Build “Ask the Intelligence Hub.” Create an endpoint or CLI tool where you can ask questions about AI trends and get answers grounded in your briefing history. Pipeline: embed the question → search your Neon vector DB → take top 5 results → send to Claude with the prompt “Answer based only on these briefing items, cite your sources.” Test with 10 questions and evaluate answer quality.
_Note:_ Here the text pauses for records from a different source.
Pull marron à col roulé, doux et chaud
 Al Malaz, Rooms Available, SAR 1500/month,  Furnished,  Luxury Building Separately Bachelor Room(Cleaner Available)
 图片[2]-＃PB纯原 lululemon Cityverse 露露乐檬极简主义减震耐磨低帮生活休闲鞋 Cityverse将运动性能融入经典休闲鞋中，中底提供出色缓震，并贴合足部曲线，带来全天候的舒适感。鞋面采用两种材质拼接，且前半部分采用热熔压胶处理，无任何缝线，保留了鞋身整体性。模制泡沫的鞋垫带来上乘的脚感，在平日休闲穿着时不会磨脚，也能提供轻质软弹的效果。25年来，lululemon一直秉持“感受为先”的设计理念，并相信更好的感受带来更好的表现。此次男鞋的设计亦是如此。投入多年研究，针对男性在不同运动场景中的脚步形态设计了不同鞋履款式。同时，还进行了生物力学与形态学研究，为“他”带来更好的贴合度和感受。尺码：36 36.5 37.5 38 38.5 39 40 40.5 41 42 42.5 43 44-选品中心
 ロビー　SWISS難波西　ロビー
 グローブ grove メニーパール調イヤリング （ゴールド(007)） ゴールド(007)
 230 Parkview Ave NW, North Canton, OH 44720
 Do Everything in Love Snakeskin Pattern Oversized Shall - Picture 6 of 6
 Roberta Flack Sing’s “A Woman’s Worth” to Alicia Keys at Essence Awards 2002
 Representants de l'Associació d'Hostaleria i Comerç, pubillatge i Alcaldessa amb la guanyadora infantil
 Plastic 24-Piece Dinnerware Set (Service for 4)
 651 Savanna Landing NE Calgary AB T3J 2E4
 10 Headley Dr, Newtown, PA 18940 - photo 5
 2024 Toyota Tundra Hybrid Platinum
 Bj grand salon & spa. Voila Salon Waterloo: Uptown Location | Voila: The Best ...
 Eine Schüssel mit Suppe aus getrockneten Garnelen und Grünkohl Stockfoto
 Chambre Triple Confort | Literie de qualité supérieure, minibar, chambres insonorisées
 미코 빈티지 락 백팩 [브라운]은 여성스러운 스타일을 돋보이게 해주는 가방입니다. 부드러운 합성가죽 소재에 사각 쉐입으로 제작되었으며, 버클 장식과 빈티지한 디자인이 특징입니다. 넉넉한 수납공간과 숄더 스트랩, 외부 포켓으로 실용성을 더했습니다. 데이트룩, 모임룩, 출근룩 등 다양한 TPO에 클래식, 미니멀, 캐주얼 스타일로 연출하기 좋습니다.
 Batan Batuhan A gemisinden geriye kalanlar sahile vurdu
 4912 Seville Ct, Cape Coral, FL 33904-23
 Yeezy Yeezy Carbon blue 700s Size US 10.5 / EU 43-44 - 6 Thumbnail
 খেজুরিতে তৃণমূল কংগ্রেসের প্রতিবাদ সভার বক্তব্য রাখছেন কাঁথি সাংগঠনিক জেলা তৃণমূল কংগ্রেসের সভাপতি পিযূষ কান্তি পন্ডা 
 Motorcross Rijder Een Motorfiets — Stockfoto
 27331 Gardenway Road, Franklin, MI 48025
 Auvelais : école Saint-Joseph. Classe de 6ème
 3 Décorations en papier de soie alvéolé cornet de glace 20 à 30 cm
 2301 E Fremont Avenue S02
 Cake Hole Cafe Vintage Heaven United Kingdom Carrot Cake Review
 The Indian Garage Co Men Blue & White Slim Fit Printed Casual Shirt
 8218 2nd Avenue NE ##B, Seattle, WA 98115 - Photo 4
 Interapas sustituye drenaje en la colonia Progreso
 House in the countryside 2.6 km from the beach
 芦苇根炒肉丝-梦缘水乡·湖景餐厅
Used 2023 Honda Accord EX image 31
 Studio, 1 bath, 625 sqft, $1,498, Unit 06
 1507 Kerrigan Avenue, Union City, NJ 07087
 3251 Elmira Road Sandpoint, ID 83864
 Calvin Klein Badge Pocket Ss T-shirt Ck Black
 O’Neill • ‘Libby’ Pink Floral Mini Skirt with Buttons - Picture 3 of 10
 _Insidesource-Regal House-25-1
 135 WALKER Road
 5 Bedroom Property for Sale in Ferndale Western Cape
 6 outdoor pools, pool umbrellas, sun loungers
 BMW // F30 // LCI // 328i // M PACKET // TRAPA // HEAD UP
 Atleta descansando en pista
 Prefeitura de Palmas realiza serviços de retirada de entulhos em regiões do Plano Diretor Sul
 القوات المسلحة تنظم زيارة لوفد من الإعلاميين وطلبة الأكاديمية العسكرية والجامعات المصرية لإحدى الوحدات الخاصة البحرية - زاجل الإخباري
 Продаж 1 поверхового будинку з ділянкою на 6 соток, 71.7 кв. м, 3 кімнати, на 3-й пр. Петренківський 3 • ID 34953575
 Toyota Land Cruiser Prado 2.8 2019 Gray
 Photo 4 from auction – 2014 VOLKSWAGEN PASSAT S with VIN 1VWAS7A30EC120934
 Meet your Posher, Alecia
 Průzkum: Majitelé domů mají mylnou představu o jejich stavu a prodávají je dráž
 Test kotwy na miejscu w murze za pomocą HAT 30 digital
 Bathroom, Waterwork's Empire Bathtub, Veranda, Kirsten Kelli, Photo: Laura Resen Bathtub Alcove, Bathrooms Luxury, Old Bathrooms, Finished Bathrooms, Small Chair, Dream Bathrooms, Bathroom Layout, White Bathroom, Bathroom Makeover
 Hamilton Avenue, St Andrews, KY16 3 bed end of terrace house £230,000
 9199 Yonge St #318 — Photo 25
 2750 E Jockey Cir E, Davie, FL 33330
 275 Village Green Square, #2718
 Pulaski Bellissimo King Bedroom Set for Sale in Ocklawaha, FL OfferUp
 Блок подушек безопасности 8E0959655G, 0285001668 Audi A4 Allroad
Stage 4: Evaluation & Optimization

You’ll know this when… you can measure RAG system quality, identify failure modes, and systematically improve retrieval and generation.

Key Concepts

  • RAG evaluation metrics: retrieval precision/recall, answer faithfulness, relevance
  • Common failure modes: wrong chunks retrieved, hallucination despite context, lost in the middle
  • Chunking optimization: testing different sizes and overlap strategies
  • Re-ranking: using a second model to re-score retrieved results
  • Contextual retrieval: prepending chunk-level context before embedding
  • Evaluation frameworks: RAGAS, manual scoring rubrics

Practice Project

Evaluate and improve your “Ask the Hub” system. Create a test set of 20 questions with known answers (manually verified from your briefings). Run your RAG pipeline on all 20, score each answer for correctness and faithfulness. Identify the worst 5 answers, diagnose why they failed (bad retrieval? bad chunking? bad prompt?), fix the root cause, and re-test. Track your score improvement.